▶ **Assignment**:
Every line in the records below that holds "anthro" must be identified and copied.

▶ **Data for review**:

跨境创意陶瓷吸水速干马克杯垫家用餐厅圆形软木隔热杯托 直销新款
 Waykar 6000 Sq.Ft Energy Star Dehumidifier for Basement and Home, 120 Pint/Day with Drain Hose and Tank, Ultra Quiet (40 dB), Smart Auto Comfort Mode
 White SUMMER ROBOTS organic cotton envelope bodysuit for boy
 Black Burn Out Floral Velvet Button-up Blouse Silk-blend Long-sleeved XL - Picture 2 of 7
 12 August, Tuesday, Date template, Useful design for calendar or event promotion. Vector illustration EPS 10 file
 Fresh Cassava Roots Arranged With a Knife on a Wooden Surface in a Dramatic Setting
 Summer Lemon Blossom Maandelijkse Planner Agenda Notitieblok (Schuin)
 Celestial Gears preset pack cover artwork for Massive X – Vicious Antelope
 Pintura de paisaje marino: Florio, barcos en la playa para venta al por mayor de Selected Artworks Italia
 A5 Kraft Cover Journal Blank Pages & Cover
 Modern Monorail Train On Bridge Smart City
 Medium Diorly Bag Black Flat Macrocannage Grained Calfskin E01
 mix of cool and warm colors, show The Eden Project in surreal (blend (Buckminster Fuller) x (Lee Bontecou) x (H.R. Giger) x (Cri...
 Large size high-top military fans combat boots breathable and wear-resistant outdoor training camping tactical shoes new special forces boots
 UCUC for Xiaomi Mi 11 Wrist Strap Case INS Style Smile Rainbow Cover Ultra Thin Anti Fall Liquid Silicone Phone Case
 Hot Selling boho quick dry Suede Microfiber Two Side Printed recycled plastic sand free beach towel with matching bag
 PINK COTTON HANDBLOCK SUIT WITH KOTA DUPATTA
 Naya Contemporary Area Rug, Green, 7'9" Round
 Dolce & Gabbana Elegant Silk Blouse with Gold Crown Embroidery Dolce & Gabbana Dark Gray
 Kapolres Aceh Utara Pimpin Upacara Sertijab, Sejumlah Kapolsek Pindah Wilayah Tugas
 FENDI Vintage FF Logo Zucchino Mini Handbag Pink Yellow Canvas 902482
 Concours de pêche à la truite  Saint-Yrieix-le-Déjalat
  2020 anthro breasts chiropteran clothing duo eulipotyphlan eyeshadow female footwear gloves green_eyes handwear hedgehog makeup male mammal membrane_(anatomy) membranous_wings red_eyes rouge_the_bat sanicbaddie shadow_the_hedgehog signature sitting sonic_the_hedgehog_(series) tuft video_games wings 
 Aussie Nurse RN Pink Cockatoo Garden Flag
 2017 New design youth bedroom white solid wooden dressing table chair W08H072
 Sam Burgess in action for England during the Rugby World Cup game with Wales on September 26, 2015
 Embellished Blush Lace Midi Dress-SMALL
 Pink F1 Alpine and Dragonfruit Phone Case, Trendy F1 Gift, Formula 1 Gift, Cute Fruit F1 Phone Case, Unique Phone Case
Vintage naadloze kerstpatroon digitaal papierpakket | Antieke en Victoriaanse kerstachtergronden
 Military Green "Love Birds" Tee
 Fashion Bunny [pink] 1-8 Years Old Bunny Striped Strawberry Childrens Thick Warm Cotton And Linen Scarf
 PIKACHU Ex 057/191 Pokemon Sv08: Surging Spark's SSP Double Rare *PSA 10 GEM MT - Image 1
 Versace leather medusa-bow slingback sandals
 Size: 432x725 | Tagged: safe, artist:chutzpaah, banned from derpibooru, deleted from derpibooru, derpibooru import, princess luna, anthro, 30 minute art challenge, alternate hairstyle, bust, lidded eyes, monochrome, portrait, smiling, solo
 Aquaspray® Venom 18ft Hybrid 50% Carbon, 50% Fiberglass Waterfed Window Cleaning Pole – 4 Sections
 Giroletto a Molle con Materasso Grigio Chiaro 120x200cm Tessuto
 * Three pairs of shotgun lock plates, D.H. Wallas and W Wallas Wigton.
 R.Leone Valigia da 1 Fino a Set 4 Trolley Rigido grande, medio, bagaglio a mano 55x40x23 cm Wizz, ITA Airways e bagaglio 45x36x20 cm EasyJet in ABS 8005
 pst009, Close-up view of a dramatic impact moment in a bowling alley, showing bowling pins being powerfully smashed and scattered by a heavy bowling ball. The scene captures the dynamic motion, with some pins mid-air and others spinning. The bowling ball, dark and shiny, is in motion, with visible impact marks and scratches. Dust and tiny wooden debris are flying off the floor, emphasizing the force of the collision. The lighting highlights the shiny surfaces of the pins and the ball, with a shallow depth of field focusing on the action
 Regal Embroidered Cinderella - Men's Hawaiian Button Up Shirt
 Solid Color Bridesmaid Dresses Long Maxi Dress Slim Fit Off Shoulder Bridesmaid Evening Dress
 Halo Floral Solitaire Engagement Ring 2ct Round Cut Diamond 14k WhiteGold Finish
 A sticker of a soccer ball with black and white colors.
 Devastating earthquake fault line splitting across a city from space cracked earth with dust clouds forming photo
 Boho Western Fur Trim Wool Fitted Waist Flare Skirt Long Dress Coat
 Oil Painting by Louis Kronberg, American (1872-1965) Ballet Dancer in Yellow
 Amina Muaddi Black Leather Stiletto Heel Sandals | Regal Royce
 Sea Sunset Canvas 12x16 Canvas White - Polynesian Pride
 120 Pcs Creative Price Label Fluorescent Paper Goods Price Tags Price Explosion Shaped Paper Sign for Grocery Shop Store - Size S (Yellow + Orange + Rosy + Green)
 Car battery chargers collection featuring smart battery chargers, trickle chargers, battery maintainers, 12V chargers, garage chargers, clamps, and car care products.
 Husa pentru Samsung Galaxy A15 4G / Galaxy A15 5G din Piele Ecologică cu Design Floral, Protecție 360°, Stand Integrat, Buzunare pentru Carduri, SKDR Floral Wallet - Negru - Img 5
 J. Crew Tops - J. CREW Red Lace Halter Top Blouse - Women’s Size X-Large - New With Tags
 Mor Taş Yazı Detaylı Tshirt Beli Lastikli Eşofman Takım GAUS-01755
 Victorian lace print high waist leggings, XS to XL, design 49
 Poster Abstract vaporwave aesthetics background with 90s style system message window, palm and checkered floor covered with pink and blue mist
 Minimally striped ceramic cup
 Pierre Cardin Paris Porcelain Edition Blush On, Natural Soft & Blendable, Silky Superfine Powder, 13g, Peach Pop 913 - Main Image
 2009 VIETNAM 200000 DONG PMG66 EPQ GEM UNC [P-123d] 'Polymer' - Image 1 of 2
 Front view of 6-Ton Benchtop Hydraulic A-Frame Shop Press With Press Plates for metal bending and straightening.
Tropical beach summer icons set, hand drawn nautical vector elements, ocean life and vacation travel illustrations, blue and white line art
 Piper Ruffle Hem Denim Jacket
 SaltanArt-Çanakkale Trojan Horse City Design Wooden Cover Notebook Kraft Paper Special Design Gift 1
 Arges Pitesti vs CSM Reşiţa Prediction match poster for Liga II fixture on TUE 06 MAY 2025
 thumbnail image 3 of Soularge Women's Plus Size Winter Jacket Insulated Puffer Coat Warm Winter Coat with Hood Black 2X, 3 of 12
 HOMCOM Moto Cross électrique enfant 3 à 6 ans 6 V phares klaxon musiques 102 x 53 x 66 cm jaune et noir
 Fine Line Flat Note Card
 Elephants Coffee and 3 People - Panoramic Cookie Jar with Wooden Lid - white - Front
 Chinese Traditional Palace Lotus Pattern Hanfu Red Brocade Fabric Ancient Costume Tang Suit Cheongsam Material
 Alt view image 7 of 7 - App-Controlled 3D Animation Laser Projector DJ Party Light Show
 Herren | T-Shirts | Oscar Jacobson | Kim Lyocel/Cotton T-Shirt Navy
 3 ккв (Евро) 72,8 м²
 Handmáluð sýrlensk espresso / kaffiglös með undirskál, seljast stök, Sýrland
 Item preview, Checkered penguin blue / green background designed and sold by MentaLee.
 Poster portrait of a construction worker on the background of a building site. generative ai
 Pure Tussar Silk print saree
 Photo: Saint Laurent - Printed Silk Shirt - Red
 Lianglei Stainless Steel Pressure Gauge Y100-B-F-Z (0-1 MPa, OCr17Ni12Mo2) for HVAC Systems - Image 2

▶ **Response to the task**:
  2020 anthro breasts chiropteran clothing duo eulipotyphlan eyeshadow female footwear gloves green_eyes handwear hedgehog makeup male mammal membrane_(anatomy) membranous_wings red_eyes rouge_the_bat sanicbaddie shadow_the_hedgehog signature sitting sonic_the_hedgehog_(series) tuft video_games wings 
 Size: 432x725 | Tagged: safe, artist:chutzpaah, banned from derpibooru, deleted from derpibooru, derpibooru import, princess luna, anthro, 30 minute art challenge, alternate hairstyle, bust, lidded eyes, monochrome, portrait, smiling, solo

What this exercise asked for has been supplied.